_TASK DETAILS_:
The response must consist of the records below, copied exactly.

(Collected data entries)
↓

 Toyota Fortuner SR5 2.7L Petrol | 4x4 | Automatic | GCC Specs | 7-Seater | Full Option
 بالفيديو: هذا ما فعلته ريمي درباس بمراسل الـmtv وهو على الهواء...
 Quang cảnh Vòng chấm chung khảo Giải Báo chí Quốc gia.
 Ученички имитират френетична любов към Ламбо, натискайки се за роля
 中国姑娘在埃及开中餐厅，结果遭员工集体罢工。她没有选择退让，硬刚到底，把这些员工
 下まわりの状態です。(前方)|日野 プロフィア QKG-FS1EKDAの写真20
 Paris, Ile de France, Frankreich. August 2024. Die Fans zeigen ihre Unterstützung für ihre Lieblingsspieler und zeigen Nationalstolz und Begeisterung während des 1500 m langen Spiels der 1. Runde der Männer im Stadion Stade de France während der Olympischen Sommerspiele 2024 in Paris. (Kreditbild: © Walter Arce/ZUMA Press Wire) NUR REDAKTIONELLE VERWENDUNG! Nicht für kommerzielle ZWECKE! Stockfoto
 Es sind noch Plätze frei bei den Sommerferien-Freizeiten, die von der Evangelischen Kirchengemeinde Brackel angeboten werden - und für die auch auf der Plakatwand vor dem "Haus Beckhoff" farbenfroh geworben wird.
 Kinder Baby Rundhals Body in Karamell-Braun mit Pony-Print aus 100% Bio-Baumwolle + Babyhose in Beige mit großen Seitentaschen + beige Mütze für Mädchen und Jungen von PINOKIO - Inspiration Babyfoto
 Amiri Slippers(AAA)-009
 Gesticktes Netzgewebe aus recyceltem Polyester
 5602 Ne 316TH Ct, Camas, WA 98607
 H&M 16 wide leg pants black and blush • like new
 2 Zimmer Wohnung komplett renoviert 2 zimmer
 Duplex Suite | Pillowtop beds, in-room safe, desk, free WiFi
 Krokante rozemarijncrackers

↑

_SOLUTION FOR THIS TASK_:
 Toyota Fortuner SR5 2.7L Petrol | 4x4 | Automatic | GCC Specs | 7-Seater | Full Option
 بالفيديو: هذا ما فعلته ريمي درباس بمراسل الـmtv وهو على الهواء...
 Quang cảnh Vòng chấm chung khảo Giải Báo chí Quốc gia.
 Ученички имитират френетична любов към Ламбо, натискайки се за роля
 中国姑娘在埃及开中餐厅，结果遭员工集体罢工。她没有选择退让，硬刚到底，把这些员工
 下まわりの状態です。(前方)|日野 プロフィア QKG-FS1EKDAの写真20
 Paris, Ile de France, Frankreich. August 2024. Die Fans zeigen ihre Unterstützung für ihre Lieblingsspieler und zeigen Nationalstolz und Begeisterung während des 1500 m langen Spiels der 1. Runde der Männer im Stadion Stade de France während der Olympischen Sommerspiele 2024 in Paris. (Kreditbild: © Walter Arce/ZUMA Press Wire) NUR REDAKTIONELLE VERWENDUNG! Nicht für kommerzielle ZWECKE! Stockfoto
 Es sind noch Plätze frei bei den Sommerferien-Freizeiten, die von der Evangelischen Kirchengemeinde Brackel angeboten werden - und für die auch auf der Plakatwand vor dem "Haus Beckhoff" farbenfroh geworben wird.
 Kinder Baby Rundhals Body in Karamell-Braun mit Pony-Print aus 100% Bio-Baumwolle + Babyhose in Beige mit großen Seitentaschen + beige Mütze für Mädchen und Jungen von PINOKIO - Inspiration Babyfoto
 Amiri Slippers(AAA)-009
 Gesticktes Netzgewebe aus recyceltem Polyester
 5602 Ne 316TH Ct, Camas, WA 98607
 H&M 16 wide leg pants black and blush • like new
 2 Zimmer Wohnung komplett renoviert 2 zimmer
 Duplex Suite | Pillowtop beds, in-room safe, desk, free WiFi
 Krokante rozemarijncrackers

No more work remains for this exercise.